> **Task goal**
Look through the data below for the line with "岐阜県のワッツ系列（ワッツ、" and the line with "Veselé dřevěné puzzle - Kotě - 9 dílků", then transcribe exactly from the first through the second, leaving out all pictures.

> **Records supplied**
▼▼▼
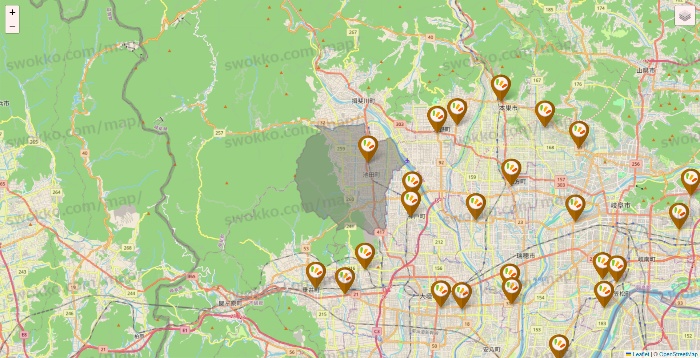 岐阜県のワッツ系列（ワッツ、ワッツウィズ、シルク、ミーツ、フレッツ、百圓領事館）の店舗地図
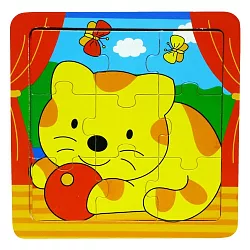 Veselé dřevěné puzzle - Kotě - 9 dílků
▲▲▲
▼▼▼
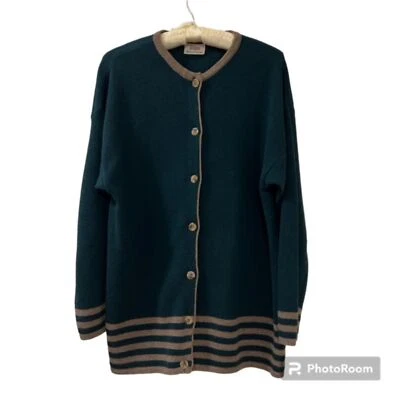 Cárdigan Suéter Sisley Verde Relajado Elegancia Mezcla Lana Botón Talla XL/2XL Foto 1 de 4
▲▲▲
▼▼▼
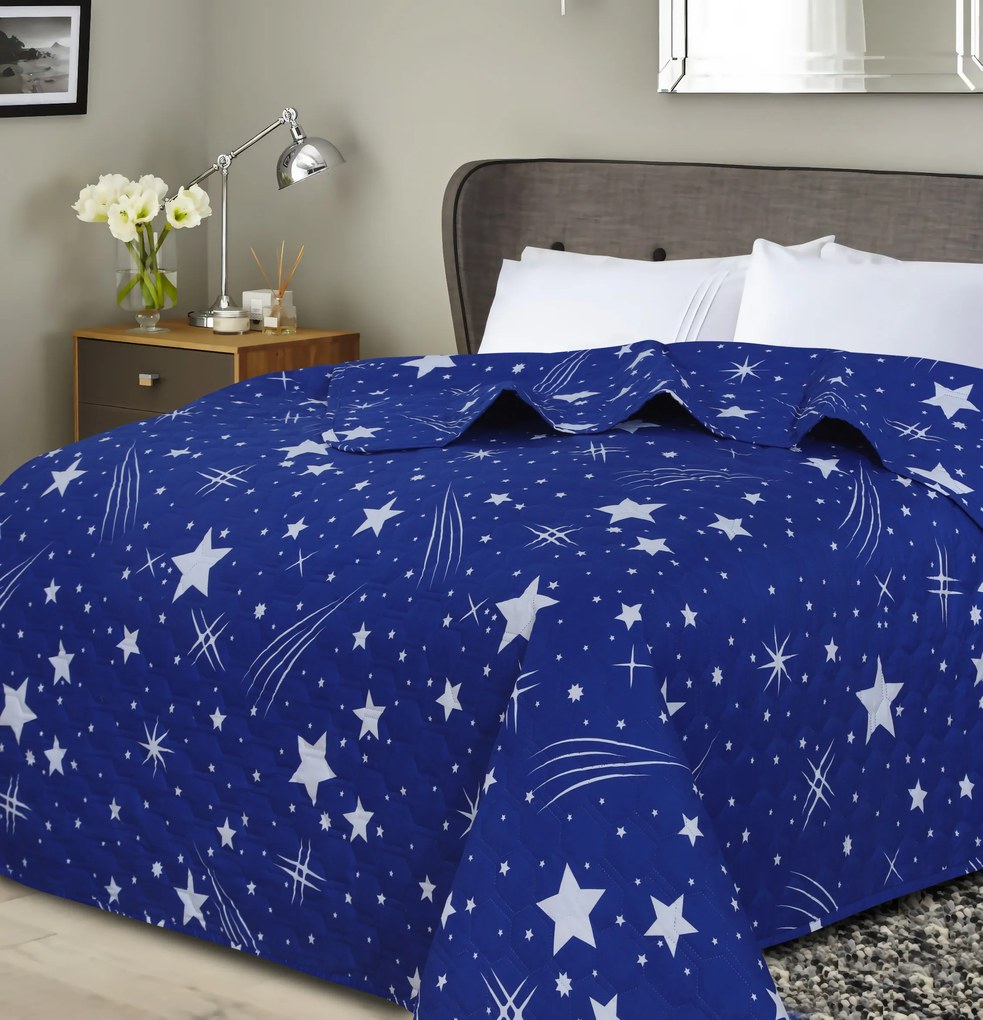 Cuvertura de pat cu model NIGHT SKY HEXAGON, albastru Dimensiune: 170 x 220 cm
▲▲▲
> **Response for this exercise**
 岐阜県のワッツ系列（ワッツ、ワッツウィズ、シルク、ミーツ、フレッツ、百圓領事館）の店舗地図
 Veselé dřevěné puzzle - Kotě - 9 dílků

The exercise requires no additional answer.